Japan Geoscience Union Meeting 2023

Presentation information

[J] Online Poster

S (Solid Earth Sciences ) » S-SS Seismology

[S-SS07] Seismic wave propagation: Theory and Application

Sun. May 21, 2023 10:45 AM - 12:15 PM Online Poster Zoom Room (2) (Online Poster)

convener:Kaoru Sawazaki(National Research Institute for Earth Science and Disaster Resilience), Kiwamu Nishida(Earthquake Research Institute, University of Tokyo), Kyosuke Okamoto(National Institute of Advanced Industrial Science and Technology), Masafumi KATOU(JGI, Inc.)

On-site poster schedule(2023/5/21 17:15-18:45)

10:45 AM - 12:15 PM

[SSS07-P21] Asymmetric bi-lateral rupture of the 2022 Ms 6.8 Luding earthquake on a continental transform fault, Tibetan border, China

*Yijun Zhang1 (1.Chinese Acedemy of Sciences, China)

Keywords:asymmetric bilateral evolution, the seismic potential

The Xianshuihe (XSH) fault on the eastern boundary of the Tibetan plateau is one of the most active faults in the world. However, the Moxi fault, the southernmost segment of the XSH fault, remained seismically quiescent for over 230 years, along a fault with large historic slip rate and recently measured geodetic locking. This region was thus considered to be a seismic gap capable of hosting earthquakes of Mw 7.0 or greater. In September 2022, the Ms 6.8 Luding earthquake occurred on the Moxi fault, resulting in destructive landslide damage, with 93 people dead and 25 missing. Using regional and global seismic recordings, we performed a multiple-point source analysis, finite fault inversions, and backprojection imaging to investigate in detail the rupture process associated with the 2022 Luding, China, earthquake. Our model results show that this event is characterized by asymmetric bilateral evolution with three episodes: (1) an initial bilateral rupture propagation mainly toward NNW; (2) major rupture propagating toward SSE and up-dip direction; (3) SSE-rupture propagation speed accelerates to ~2 km/s.

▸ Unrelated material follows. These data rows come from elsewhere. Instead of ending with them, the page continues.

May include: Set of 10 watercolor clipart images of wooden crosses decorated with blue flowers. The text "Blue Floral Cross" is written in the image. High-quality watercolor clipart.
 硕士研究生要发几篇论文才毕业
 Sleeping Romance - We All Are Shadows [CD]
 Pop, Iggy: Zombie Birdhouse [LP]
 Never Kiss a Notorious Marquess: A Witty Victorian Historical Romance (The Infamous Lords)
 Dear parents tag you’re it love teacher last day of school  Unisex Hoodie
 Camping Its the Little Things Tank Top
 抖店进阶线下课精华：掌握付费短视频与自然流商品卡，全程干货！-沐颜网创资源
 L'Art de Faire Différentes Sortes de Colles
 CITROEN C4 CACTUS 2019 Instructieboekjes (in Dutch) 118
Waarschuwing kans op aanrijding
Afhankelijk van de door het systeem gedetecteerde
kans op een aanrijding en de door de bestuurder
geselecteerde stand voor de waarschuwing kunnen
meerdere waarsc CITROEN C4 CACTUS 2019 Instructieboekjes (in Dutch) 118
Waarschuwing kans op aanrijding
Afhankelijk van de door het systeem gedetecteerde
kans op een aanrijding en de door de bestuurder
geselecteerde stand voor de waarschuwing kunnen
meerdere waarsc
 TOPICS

The rupture toward NNW is dominated by high-frequency (1-2 Hz) seismic radiation. Over 70% of the seismic moment is released at shallow depths <12 km thus explaining significant damaging effects. Furthermore, based on the analysis of Coulomb stress changes, the seismic potential of the remaining locked portions of the XSH and Anninghe faults is still high due to the stress loading imposed by the Luding earthquake.